At some point, we have to forgive our fallen heroes and move on with our lives. What? Were Mom and Dad not going to tell us about Santa? That doesn’t work. Seriously. Ask Julie Sweeney.
It’s not Alanna’s fault that she can pull off the “I’ll cut my hair, bind my breasts, and be kick-ass, and no one will think I’m a girl for years” look. It’s really not. Also, I read those books in the 90s. There was no way I was going to be a lady knight with a telepathic cat and a loyal horse and a bevy of hot, powerful, heart-of-gold men at my beck and call anyways. It was the 90s. I’m lucky I escaped Beverly Hills 90210 fashion and love mistakes.
And George Lucas wasn’t out to get me with his rewriting of what I considered Star Wars cannon. I mean, yes, I’m going to spend the rest of my life hunting down digital versions of the original trilogy because Hayden Christensen DOES NOT belong at the end of Return of the Jedi, but what else can I do? Of all the VHS tapes my parents unearthed from our storage space this year, Return of the Jedi was not one of them. And I don’t have a VCR anymore anyways.
Star Wars is a universe that Lucas created, and he can do with it what he wants even if it drives me completely batty.
But I will judge him and his artistic decisions forever. Don’t even get me started on the inserted scenes with Jabba the Hut and such.
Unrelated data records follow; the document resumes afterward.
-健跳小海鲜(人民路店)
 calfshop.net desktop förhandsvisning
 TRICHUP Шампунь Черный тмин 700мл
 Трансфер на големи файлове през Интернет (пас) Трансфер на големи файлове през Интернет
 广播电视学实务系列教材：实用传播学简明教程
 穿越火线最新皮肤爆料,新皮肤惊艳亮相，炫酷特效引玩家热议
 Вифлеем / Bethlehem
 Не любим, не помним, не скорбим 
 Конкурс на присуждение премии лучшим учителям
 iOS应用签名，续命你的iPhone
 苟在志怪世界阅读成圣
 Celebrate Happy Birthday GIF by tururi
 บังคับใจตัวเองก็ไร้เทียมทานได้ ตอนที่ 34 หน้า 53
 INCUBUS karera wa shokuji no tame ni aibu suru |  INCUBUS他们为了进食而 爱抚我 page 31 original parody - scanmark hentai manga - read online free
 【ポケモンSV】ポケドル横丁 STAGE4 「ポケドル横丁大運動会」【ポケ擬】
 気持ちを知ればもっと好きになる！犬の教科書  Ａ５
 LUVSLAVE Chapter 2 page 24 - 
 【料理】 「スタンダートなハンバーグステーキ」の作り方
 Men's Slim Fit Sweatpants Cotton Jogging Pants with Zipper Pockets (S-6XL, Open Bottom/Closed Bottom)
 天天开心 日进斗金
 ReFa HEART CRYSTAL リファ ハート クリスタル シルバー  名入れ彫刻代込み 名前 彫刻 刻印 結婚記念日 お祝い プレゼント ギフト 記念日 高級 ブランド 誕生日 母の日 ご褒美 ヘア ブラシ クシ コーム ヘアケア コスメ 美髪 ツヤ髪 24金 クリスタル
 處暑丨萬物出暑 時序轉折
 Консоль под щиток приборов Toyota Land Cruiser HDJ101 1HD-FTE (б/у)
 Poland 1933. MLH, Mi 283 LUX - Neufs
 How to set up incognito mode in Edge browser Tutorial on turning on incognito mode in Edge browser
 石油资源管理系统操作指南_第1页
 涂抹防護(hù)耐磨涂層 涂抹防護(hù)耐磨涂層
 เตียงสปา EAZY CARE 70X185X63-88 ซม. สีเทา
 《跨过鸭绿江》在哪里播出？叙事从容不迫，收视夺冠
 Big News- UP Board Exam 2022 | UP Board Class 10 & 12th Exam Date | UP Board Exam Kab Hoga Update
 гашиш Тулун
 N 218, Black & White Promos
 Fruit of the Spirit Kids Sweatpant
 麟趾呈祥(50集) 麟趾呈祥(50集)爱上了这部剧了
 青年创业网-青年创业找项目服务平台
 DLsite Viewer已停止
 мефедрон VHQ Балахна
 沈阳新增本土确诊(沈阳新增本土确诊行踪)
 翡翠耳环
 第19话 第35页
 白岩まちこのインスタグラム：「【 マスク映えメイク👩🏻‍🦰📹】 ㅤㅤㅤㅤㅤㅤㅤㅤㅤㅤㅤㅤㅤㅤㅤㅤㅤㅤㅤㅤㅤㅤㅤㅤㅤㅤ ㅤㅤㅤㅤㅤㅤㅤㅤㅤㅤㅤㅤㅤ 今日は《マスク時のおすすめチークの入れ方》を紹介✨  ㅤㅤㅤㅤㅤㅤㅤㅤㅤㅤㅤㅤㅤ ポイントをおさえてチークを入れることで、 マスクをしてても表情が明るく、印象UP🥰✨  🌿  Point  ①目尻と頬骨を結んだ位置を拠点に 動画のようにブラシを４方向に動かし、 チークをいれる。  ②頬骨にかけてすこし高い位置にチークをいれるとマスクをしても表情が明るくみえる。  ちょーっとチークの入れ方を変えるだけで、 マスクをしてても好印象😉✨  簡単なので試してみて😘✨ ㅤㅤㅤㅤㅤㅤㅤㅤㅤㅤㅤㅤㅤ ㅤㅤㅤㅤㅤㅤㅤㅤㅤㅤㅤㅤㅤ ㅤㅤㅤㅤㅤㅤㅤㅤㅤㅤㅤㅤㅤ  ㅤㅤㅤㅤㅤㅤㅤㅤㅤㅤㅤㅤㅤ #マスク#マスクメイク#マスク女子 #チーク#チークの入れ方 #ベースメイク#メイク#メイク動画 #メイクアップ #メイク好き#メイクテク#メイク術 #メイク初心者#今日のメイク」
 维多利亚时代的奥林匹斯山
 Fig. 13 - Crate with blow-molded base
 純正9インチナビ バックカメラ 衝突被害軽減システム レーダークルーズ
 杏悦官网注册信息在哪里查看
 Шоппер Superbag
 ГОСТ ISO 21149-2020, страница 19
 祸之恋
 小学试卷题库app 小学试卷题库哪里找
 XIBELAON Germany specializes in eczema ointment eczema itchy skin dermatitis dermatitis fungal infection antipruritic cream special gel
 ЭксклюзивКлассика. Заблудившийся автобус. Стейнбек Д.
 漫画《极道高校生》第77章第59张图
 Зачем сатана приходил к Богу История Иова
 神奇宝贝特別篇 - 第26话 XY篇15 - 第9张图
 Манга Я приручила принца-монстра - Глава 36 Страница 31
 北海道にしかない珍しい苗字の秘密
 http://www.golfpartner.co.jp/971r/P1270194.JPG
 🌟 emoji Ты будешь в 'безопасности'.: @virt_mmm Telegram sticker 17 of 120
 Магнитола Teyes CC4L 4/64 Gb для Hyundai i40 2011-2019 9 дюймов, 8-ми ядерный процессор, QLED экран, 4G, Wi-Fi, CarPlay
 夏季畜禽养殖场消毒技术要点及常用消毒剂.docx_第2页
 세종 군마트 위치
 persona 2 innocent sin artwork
That said, we have to forgive our heroes at some point. No one can be all the things to one person. It just is too much to expect. No book can be perfect. No character enough. No song will illustrate perfectly the feelings of our hearts. We must keep reading, viewing and listening so we can have more and more ways to connect with others, even when we feel like no one gets us.